Speaker B: Yeah, no, but that's interesting. And I think it must be really freeing, right, Because I, I know a lot of founders and I hear this all the time that, you know, their company is their baby and they're, they're so protective of it and I don't want to launch it to the world until it is perfect. Right, but what does perfect mean? But, and, and knowing that, you know, I'm going to allow myself seven iterations of this, seven whatever, failures. I don't like putting it as failures, but seven iterations before I even expect myself to, or, uh, our company to get there. And I think that, that, yeah, can lift a lot of founder anxiety, which is what we're aiming to do here.

Speaker E: Today we go.

Speaker D: It's Build Mode.

Speaker A: So obviously here at Build Mode, we know building the product is extremely important, but hiring the right team to help bring that idea to life is absolutely paramount. So next up, you're going to hear from Jasper Carmichael Jack, the co founder and CEO of Artisan, the AI company that despite being most well known for their very divisive Stop Hiring Humans campaign, does in fact hire quite a few humans. Jasper is a young founder, and like so many founders early in their career, he's learning as he goes, especially when it comes to hiring and firing and keeping his team happy.

Speaker E: I've made a lot of hiring mistakes. Um, yeah, like a lot in every single role. I feel that you learn new things about hiring every time you make a hire and it fails. I think we've probably hired over 100 people to have the 40 people that we have now just from either having to fire a lot of people or from people leaving and going to other companies. Like you, you learn a lot. Every time you hire someone doesn't work out, you're like, okay, I need to, uh, readjust in this method.

Speaker B: But, well, let's talk about some of those learnings because I think there's a lot of really interesting kind of probably lessons that other founders would love to hear from this. So what are some of the sort of key mistakes you learned early on?

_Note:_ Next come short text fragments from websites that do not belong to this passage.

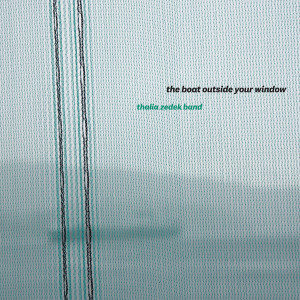 The Boat Outside Your Window (Coke Bottle Clear Vinyl)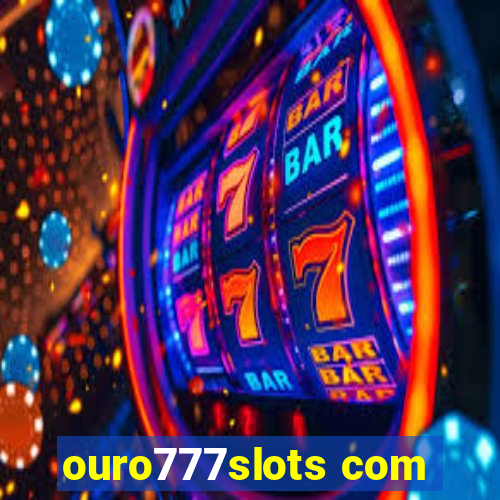 ouro777slots com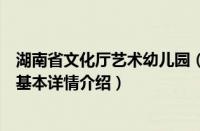 湖南省文化厅艺术幼儿园（关于湖南省文化厅艺术幼儿园的基本详情介绍）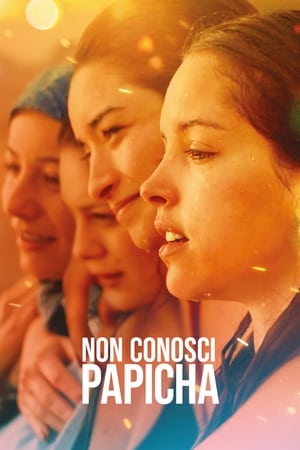 Non conosci Papicha - Papicha (2019)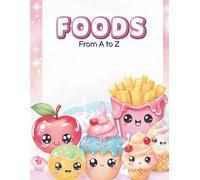 Foods From A to Z: Cute Food Coloring Book for Kids Ages 3-8: Fun and Adorable Kawaii Foods to Color - Apples, Cupcakes, Fries, Ice Cream, and More!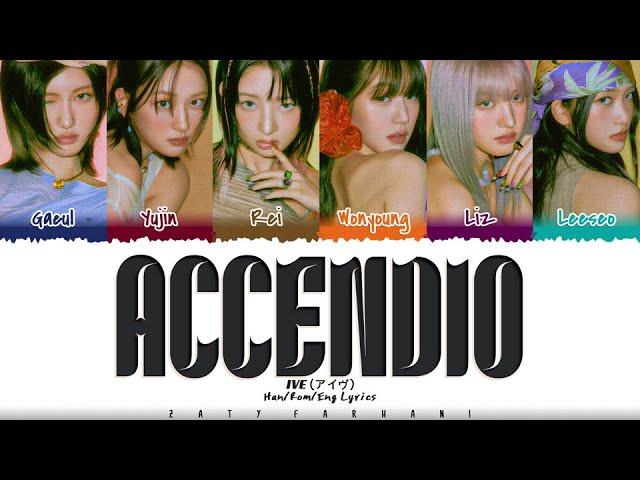 IVE (아이브) - 'Accendio' Lyrics [Color Coded_Han_Rom_Eng]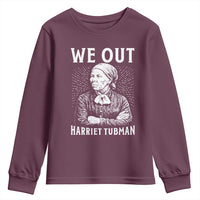 We Out Harriet Tubman Youth Sweatshirt Black Women Empowerment - Wonder Print Shop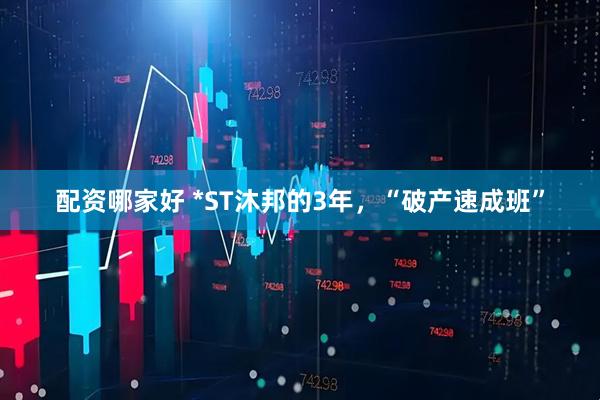 配资哪家好 *ST沐邦的3年，“破产速成班”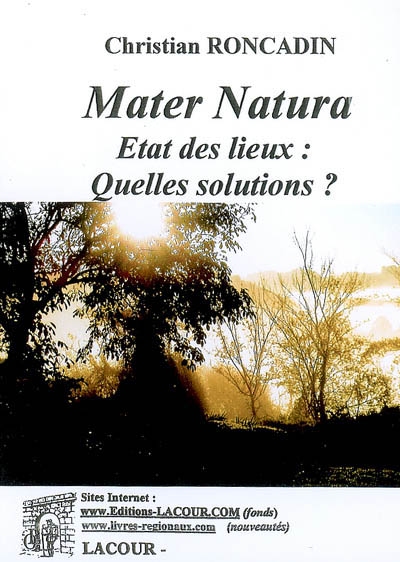 Mater natura : état des lieux, quelles solutions ?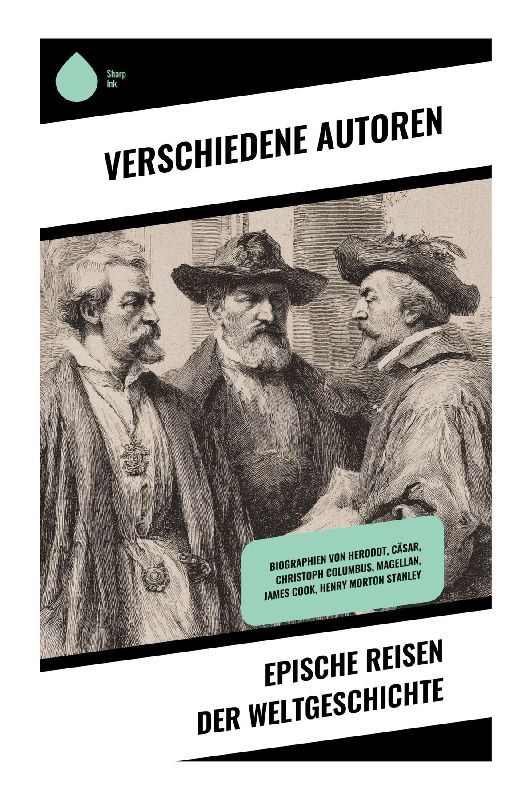 Epische Reisen der Weltgeschichte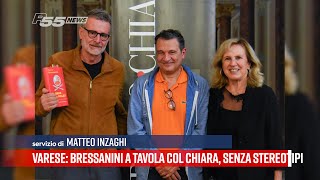 Varese  Bressanini a tavola col Chiara senza stereotipi [upl. by Maleki]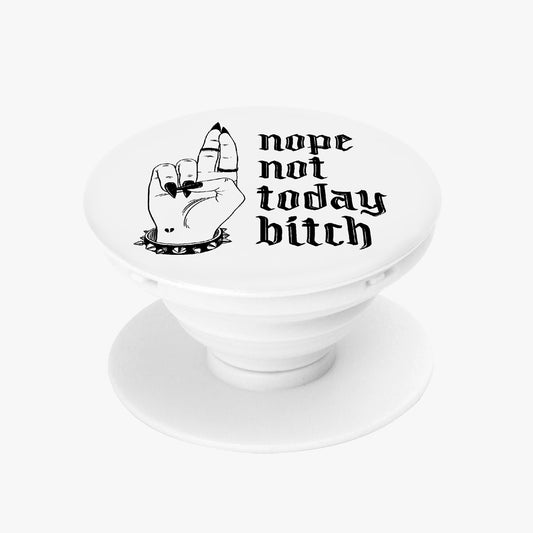 NOT TODAY BITCH PHONE POP SOCKET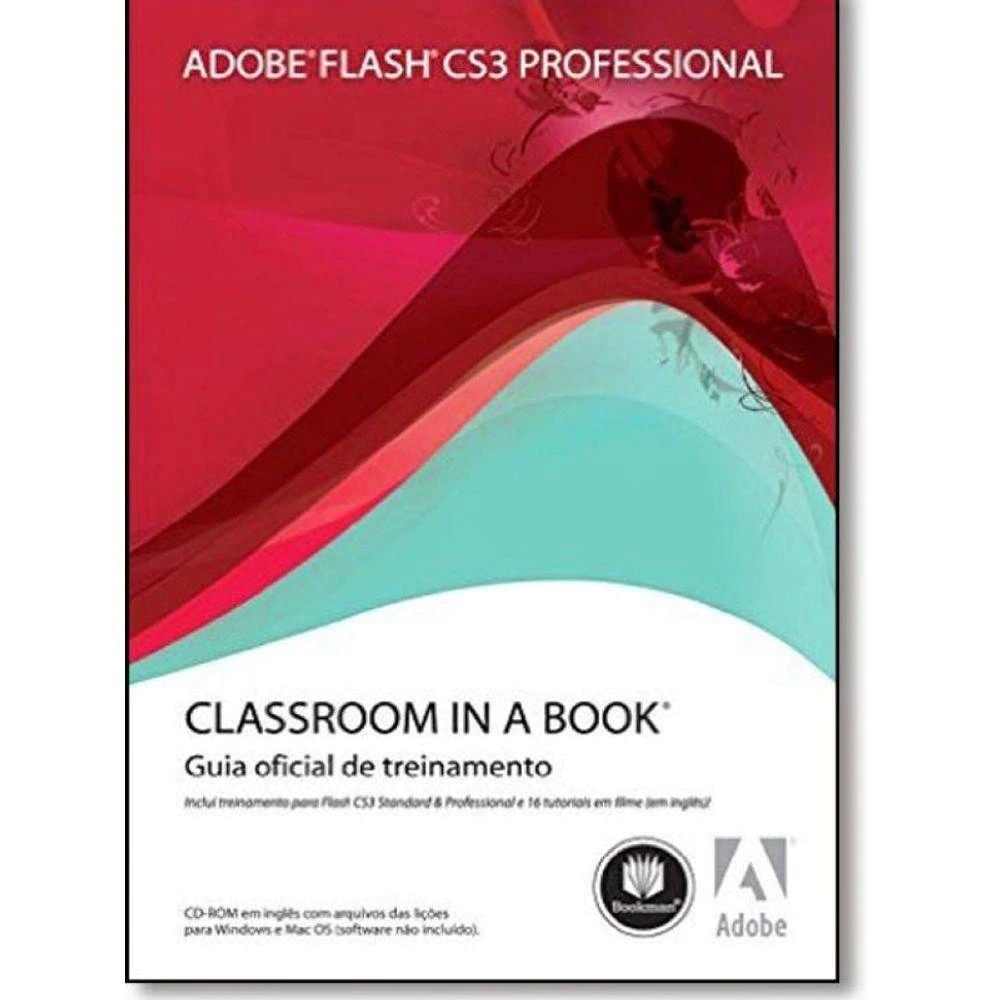 Adobe Flash Cs3 Professional - Classroom In a Book autor Edson Furmankiewicz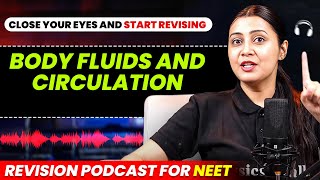 Details BODY FLUIDS & CIRCULATION in 39 Minutes | Quick Revision PODCAST | CLASS 11th ZOOLOGY | NEET News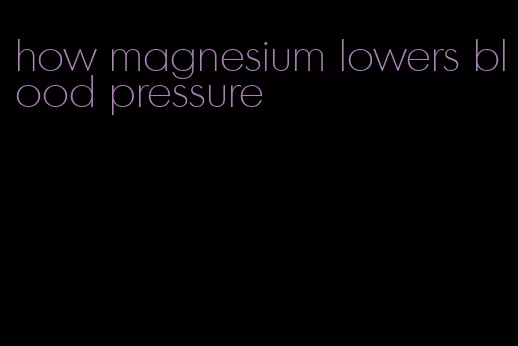 how magnesium lowers blood pressure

Speaker E: Yeah, one can be logo shopping. Like if you're like, oh, they worked at Google, they must be good, or, oh, they went to Harvard or Stanford. At mit, they must be good. And then not actually take into account that they didn't seem that great in the trial task or in the interview process. Done that a few times, never really works out. I think you can kind of sense someone's raw intelligence when you speak to them. You've got to index on that and index on the work that they've done. And the work that you perceive they're going to be able to do, not taking into account just the logos that they have on their cv.

Speaker B: Yeah. Ah, but it's interesting you say that because, I mean, uh, I know you're pretty young, I'm fairly young myself. But like when you're hiring someone who's fresh out of college, it's really difficult when they don't have any experience. I mean, how do you do you have is generally younger.

Speaker E: They're a bit younger. But I don't think anyone that I've hired fresh out of college has not worked out because I think when someone's fresh out of college, you're really judging them purely based on how they speak to you and how they communicate and what they do in a trial task, which kind of makes it easier because you don't have your judgment clouded. You're not looking at, oh, they worked at Netflix the past few years, they must be amazing. Um, so whenever I've hired someone either in college or fresh out of college, I think it's always worked out unless I'm forgetting the time that it didn't work out.

Speaker B: Interesting.

Speaker F: Ah.

Speaker B: And um, I mean, what other mistakes have you made? I mean, I think so obviously logo shopping, but there must be others.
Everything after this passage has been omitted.